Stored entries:
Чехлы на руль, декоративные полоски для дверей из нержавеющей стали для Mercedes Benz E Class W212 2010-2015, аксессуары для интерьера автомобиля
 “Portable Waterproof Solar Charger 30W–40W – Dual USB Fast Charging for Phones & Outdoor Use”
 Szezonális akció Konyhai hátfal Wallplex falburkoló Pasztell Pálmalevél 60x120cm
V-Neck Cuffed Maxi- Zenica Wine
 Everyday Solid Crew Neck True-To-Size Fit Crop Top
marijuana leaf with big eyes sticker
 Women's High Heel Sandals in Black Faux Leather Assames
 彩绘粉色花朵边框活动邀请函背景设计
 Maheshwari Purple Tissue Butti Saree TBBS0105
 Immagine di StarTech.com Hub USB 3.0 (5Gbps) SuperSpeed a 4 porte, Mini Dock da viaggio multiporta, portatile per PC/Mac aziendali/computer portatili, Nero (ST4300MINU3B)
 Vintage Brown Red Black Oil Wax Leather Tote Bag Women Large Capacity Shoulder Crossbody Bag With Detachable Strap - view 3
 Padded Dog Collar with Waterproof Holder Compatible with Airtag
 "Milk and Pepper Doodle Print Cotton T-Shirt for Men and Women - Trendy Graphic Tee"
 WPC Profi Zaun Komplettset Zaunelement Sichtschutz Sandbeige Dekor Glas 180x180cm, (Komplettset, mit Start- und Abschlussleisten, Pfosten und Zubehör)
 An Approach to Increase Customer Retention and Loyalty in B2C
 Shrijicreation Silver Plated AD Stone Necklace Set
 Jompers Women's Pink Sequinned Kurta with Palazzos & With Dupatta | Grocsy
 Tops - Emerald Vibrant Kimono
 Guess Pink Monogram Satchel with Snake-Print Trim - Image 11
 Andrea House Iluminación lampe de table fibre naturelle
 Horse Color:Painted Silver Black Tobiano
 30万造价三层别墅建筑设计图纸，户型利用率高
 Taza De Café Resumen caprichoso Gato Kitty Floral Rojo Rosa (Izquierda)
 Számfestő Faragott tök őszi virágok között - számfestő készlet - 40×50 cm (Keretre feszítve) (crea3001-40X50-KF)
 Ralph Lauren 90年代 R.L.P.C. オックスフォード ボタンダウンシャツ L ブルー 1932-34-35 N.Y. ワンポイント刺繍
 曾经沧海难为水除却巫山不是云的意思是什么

→ **Exercise**
Going line by line, copy the data above exactly.

→ **Reply to the exercise**
Чехлы на руль, декоративные полоски для дверей из нержавеющей стали для Mercedes Benz E Class W212 2010-2015, аксессуары для интерьера автомобиля
 “Portable Waterproof Solar Charger 30W–40W – Dual USB Fast Charging for Phones & Outdoor Use”
 Szezonális akció Konyhai hátfal Wallplex falburkoló Pasztell Pálmalevél 60x120cm
V-Neck Cuffed Maxi- Zenica Wine
 Everyday Solid Crew Neck True-To-Size Fit Crop Top
marijuana leaf with big eyes sticker
 Women's High Heel Sandals in Black Faux Leather Assames
 彩绘粉色花朵边框活动邀请函背景设计
 Maheshwari Purple Tissue Butti Saree TBBS0105
 Immagine di StarTech.com Hub USB 3.0 (5Gbps) SuperSpeed a 4 porte, Mini Dock da viaggio multiporta, portatile per PC/Mac aziendali/computer portatili, Nero (ST4300MINU3B)
 Vintage Brown Red Black Oil Wax Leather Tote Bag Women Large Capacity Shoulder Crossbody Bag With Detachable Strap - view 3
 Padded Dog Collar with Waterproof Holder Compatible with Airtag
 "Milk and Pepper Doodle Print Cotton T-Shirt for Men and Women - Trendy Graphic Tee"
 WPC Profi Zaun Komplettset Zaunelement Sichtschutz Sandbeige Dekor Glas 180x180cm, (Komplettset, mit Start- und Abschlussleisten, Pfosten und Zubehör)
 An Approach to Increase Customer Retention and Loyalty in B2C
 Shrijicreation Silver Plated AD Stone Necklace Set
 Jompers Women's Pink Sequinned Kurta with Palazzos & With Dupatta | Grocsy
 Tops - Emerald Vibrant Kimono
 Guess Pink Monogram Satchel with Snake-Print Trim - Image 11
 Andrea House Iluminación lampe de table fibre naturelle
 Horse Color:Painted Silver Black Tobiano
 30万造价三层别墅建筑设计图纸，户型利用率高
 Taza De Café Resumen caprichoso Gato Kitty Floral Rojo Rosa (Izquierda)
 Számfestő Faragott tök őszi virágok között - számfestő készlet - 40×50 cm (Keretre feszítve) (crea3001-40X50-KF)
 Ralph Lauren 90年代 R.L.P.C. オックスフォード ボタンダウンシャツ L ブルー 1932-34-35 N.Y. ワンポイント刺繍
 曾经沧海难为水除却巫山不是云的意思是什么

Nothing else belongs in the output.